▸ About this exercise
Only part of the listing is needed, namely the lines from its start through the line with "1 Bedroom Apartment", and they should be retyped exactly.

▸ Supplied material
---
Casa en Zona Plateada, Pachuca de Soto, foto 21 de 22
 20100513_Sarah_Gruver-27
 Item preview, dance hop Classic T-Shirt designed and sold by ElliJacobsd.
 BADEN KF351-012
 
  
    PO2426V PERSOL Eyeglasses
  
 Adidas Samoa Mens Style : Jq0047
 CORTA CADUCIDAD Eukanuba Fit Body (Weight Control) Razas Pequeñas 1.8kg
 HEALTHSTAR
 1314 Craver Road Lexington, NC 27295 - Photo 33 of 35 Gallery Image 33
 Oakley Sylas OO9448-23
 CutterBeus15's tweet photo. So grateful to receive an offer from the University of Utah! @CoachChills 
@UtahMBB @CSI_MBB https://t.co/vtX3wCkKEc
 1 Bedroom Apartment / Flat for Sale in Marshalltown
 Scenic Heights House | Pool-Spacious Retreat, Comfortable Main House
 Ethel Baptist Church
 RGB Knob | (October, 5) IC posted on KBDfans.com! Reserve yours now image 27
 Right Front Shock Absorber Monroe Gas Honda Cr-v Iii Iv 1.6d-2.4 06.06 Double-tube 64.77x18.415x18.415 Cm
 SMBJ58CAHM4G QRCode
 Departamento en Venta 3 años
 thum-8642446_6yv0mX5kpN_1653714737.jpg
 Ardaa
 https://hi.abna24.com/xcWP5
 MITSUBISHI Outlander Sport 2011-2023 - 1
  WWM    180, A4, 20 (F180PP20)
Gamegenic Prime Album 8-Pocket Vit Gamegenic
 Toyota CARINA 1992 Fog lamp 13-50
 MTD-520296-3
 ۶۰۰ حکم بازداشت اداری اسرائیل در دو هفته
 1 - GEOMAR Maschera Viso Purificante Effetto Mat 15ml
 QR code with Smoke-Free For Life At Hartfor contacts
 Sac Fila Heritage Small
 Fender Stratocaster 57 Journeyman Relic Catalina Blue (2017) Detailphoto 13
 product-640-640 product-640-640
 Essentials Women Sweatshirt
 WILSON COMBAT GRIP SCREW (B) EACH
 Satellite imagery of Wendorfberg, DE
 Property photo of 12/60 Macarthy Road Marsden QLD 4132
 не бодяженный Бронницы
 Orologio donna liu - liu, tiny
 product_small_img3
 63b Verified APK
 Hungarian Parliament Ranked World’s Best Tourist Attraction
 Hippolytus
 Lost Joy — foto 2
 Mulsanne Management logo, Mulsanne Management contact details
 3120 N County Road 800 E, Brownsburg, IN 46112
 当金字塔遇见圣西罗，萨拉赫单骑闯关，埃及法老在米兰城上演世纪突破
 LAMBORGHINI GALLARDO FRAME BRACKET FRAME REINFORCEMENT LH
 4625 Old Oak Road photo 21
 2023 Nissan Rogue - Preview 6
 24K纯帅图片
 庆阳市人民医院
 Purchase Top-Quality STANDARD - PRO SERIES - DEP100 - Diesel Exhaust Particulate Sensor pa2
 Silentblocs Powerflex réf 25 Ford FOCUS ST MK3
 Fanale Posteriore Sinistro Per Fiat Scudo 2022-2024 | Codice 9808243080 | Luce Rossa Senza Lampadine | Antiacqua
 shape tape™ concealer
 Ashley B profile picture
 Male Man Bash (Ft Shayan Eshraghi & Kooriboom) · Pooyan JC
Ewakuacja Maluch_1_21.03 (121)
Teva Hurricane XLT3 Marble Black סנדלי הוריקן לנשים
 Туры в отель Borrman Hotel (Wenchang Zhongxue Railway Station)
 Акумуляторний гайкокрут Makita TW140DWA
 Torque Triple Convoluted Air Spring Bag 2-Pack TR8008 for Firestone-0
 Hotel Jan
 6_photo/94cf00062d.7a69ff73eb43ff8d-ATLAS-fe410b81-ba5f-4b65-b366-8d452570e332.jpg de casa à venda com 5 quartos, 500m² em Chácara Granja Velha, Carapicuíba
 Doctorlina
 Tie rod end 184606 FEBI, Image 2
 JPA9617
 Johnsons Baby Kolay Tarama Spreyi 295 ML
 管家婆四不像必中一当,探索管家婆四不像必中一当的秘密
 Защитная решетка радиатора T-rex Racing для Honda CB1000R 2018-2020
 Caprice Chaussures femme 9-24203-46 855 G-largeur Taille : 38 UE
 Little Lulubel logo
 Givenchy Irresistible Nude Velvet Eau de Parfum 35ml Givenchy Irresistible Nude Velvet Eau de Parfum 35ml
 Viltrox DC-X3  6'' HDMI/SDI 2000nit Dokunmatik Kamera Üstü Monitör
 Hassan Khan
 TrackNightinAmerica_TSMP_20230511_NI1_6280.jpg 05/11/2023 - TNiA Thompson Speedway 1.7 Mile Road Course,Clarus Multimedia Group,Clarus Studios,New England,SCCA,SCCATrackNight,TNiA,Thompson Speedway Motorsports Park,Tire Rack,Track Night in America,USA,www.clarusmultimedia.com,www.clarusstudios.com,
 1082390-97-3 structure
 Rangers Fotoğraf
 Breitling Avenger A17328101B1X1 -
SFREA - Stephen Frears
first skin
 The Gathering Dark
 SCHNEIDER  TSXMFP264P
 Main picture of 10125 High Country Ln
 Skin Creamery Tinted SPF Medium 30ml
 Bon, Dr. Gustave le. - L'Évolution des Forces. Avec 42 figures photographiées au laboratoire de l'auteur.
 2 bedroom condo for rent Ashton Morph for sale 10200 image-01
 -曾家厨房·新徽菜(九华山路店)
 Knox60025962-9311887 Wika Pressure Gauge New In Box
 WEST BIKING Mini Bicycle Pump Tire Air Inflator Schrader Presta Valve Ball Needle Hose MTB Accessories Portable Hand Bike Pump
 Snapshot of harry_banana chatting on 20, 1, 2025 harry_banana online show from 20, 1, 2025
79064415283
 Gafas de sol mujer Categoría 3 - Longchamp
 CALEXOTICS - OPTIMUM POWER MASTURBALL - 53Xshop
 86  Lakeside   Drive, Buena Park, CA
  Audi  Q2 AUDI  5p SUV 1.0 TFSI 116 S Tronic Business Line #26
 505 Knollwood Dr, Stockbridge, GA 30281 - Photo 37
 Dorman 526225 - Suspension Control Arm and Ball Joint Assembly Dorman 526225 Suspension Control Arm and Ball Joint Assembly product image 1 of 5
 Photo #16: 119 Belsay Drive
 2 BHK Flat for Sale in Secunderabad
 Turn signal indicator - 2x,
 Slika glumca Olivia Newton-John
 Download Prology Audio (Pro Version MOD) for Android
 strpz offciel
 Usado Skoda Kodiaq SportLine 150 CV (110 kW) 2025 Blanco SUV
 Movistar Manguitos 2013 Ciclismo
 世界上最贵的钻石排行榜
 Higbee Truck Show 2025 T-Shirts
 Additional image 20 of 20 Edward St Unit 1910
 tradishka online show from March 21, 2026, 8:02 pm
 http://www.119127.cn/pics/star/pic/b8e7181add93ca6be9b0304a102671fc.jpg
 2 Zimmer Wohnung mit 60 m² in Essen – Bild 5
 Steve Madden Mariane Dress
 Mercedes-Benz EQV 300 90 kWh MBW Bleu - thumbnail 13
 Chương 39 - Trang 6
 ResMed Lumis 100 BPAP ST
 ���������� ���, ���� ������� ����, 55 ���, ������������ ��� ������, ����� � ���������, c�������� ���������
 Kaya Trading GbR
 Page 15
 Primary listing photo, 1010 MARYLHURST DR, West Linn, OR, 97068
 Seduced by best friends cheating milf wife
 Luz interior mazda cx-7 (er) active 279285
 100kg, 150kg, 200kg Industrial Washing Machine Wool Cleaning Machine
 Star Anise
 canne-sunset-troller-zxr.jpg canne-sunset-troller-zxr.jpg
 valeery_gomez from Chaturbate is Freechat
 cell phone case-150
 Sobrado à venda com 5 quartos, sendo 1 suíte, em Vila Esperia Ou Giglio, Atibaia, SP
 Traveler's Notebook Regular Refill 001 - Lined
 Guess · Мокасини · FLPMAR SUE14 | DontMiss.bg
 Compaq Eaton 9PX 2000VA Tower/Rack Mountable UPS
---
▸ Response to the exercise
Casa en Zona Plateada, Pachuca de Soto, foto 21 de 22
 20100513_Sarah_Gruver-27
 Item preview, dance hop Classic T-Shirt designed and sold by ElliJacobsd.
 BADEN KF351-012
 
  
    PO2426V PERSOL Eyeglasses
  
 Adidas Samoa Mens Style : Jq0047
 CORTA CADUCIDAD Eukanuba Fit Body (Weight Control) Razas Pequeñas 1.8kg
 HEALTHSTAR
 1314 Craver Road Lexington, NC 27295 - Photo 33 of 35 Gallery Image 33
 Oakley Sylas OO9448-23
 CutterBeus15's tweet photo. So grateful to receive an offer from the University of Utah! @CoachChills 
@UtahMBB @CSI_MBB https://t.co/vtX3wCkKEc
 1 Bedroom Apartment / Flat for Sale in Marshalltown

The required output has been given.